Succede con i cani durante l’addestramento e anche con i gatti, per premiare i comportamenti graditi tramite il rinforzo positivo. Il cibo rappresenta una leva in grado di creare ponti di comunicazione che possono però trasformarsi in catene. Nei selvatici si creano problematiche differenti causate dalla dipendenza dal cibo. Un esempio può essere quello dell’azienda agricola che abbandona in giro carcasse o resti animali e poi si lamenta della presenza dei lupi nel cortile. Ma è il cibo che li porta ad avvicinarsi all’uomo, costituendo un richiamo irresistibile che rende confidenti.
Non bisogna alimentare gli animali selvatici perché il cibo crea dipendenza e altera i comportamenti
I rifiuti alimentari mal gestiti dall’uomo possono diventare una grande attrattiva per cinghiali e topi, solo per fare un esempio di due specie che non disdegnano certo gli scarti. L’uomo non gestisce i rifiuti, i cinghiali prima si avvicinano e poi entrano nei centri urbani. A questo punto scattano le richieste di abbattimento e le proteste.

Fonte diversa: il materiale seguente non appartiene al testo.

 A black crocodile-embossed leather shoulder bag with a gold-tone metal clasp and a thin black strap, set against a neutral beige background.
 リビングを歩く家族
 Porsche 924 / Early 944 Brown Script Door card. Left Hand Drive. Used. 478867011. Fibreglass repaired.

Dalla vita alla morte il passo è breve. Questo vale anche per i piccoli uccelli che vivono vicino a noi: se vengono alimentati con costanza diventano molto, troppo, confidenti e pensano che non ci sia nulla da temere. Ma non è così e i gatti sono i primi ad approfittare di questa confidenza eccessiva.

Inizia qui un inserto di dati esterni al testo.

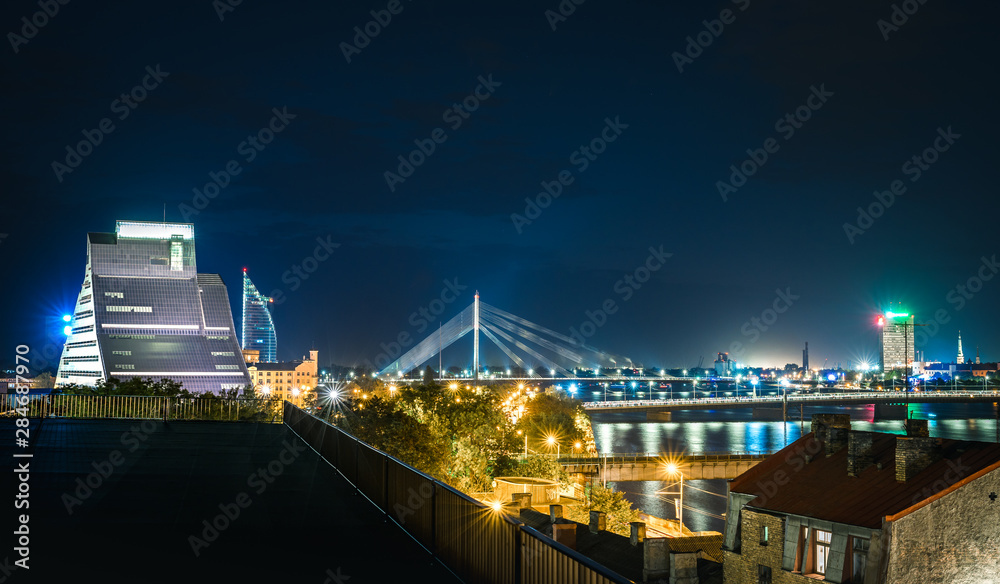 Obraz premium Panoramic view of Riga city with colorful fireworks glowing in the air. Picturesque scene of National library of Latvia, river Daugava and old town. 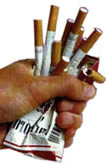 Cigarette pack crushed in hand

Forse non ci avreste mai pensato ma secondo il CABS (Comitato contro l’uccisione degli uccelli), particolarmente attivo nel nostro paese in azioni contro il bracconaggio, sono oltre 26 milioni gli uccelli predati, ogni anno, in Italia dai gatti. Un numero che deve far riflettere. Occorre rivedere il nostro modo di rapportarci con gli animali, per non creare situazioni dannose indesiderate. Come un eccessivo avvicinamento degli animali selvatici agli insediamenti umani.
Bisogna aiutare i selvatici solo quando si trovano davvero in difficoltà
Occorre quindi dividere i comportamenti fra quelli utili, come aiutare gli animali in grande difficoltà, e quelli dannosi che sono costituiti dalle azioni messe in atto solo per diletto. Quelle che mettono inutilmente in pericolo gli animali selvatici.
Quindi è positivo mettere a disposizione cibo e ripari in periodi di freddo molto intenso, come è una buona cosa lasciare dell’acqua durante i periodi di prolungata siccità e in altre situazioni critiche. Senza che questo avvenga in posti pericolosi e senza mettere in atto azioni che possano creare un condizionamento.
Mettere a disposizione cibo e acqua, in luoghi sicuri e appartati e senza continuità, è un comportamento ben diverso da quello che si può vedere nella foto che illustra l’articolo. Creare dipendenza in un selvatico può significare causarne la morte e questo vuole essere lo spunto di riflessione.
Perché anche le azioni positive, fatte senza riflettere troppo, possono essere una grande fonte di danno. Per questo è sempre importante pensare alle possibili conseguenze prima di agire, informandosi e cercando di soddisfare un bisogno altrui e non soltanto un nostro piacere.